How does the HRI measure the adherence of donors to the GHD Principles?
The HRI uses both quantitative and qualitative data to build 35 indicators, organised into five pillars, which capture the essence of the Principles of Good Humanitarian Donorship. The pillars correspond to five basic questions:
Pillar 1: Are donor responses based on the needs of affected populations and not subordinated to political, strategic or other interests?
Pillar 2: Do donors support strengthening local capacity, prevention of future crises and long-term recovery?
Pillar 3: Do donor policies and practices effectively support the work of humanitarian organisations?
Pillar 4: Do donors respect international humanitarian law and actively promote humanitarian access to enable protection of civilians affected by crises?
Pillar 5: Do donors contribute to accountability and learning in humanitarian action?
The qualitative data comes from field research in 14 crisis (Afghanistan, the Central African Republic, Colombia, the Democratic Republic of the Congo, Haiti, Indonesia, the occupied Palestinian territories, Pakistan, the Philippines, Somalia, Sri Lanka, Sudan, Yemen and Zimbabwe) where DARA teams interviewed senior representatives of humanitarian organisations working in these crises around the world around their experiences with the donor governments that fund their programmes.
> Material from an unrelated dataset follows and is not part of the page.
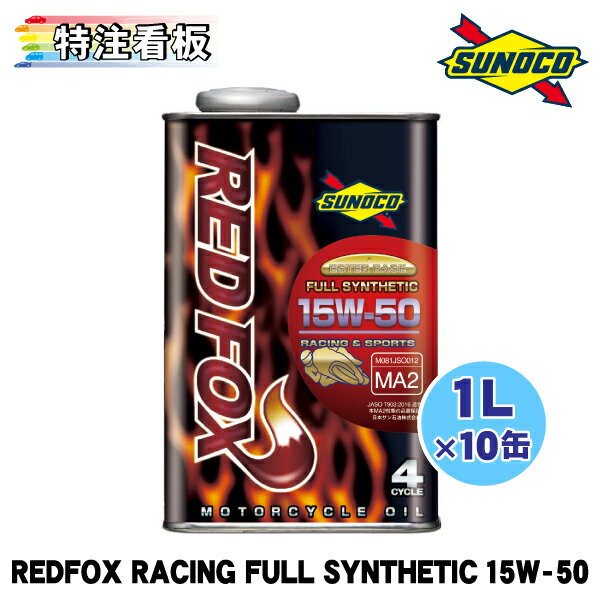 SUNOCO REDFOX RACING＆SPORTS 15W-50 FULL SYNTHETIC 1L×10缶 スノコ エンジンオイル レッドフォック..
Teams also conduct a survey questionnaire on donor practice, and collected nearly 2000 responses (1384 about OECD/DAC donors ranked in the HRI and 565 other donors and funding sources).
This valuable information is complemented by extensive quantitative data comes from several published sources, such as the OECD/DAC, World Bank, UN, and information published by governments.
What trends has the index identified?
Over the past four years, the HRI shows that overall, all donors continue to do reasonably well in Pillar 1 (Responding to needs). However, there is a significant range between the highest scored and lowest scored donors, reflecting differences in the way donors understand and apply core humanitarian principles and GHD concepts around neutrality, impartiality and independence of aid. In the same period, donors uniformly have done less well in Pillar 2 (Prevention, risk reduction and recovery), showing that this is an area where all donors need to prioritise attention. Pillar (Working with humanitarian partners) shows a high degree of variance in donors’ scores, reflecting different approaches among donors on how they engage with and support humanitarian actors and opportunities for significant improvements in the way many donors interact with and support the international humanitarian system. Pillar 4 (Protection and international law) shows reasonably consistent donor behavior, with a smaller range of scores and the generally the second-highest average scores compared to other pillars. However, there are still significant differences among donors in core indicators for this pillar related to compliance with international laws and conventions that support humanitarian action, indicating that there is room for improvement. Finally, Pillar 5 (Learning and accountability) shows the highest variance in donor scores as well as the lowest average scores, indicating both that there are vast differences in the way donors are performing in this area and the reality that for several donors, this is simply not a priority.
How have donors responded to the HRI?
Some donors have expressed concerns about the HRI rankings and aspects of the methodology. DARA has taken these concerns into consideration and has continually refined and improved the methodology. DARA is committed to working with donors in a constructive dialogue on how to use the HRI as a tool for identifying and promoting good practice, and has engaged with several donor governments to discuss specific measures to improve their performance. More and more staff of donor agencies have told DARA that the HRI provides them with information that can be used for internal lobbying within their agencies and with their governments to encourage and apply good practice. This suggests that the HRI can be compatible with donors’ own efforts to measure and improve their performance.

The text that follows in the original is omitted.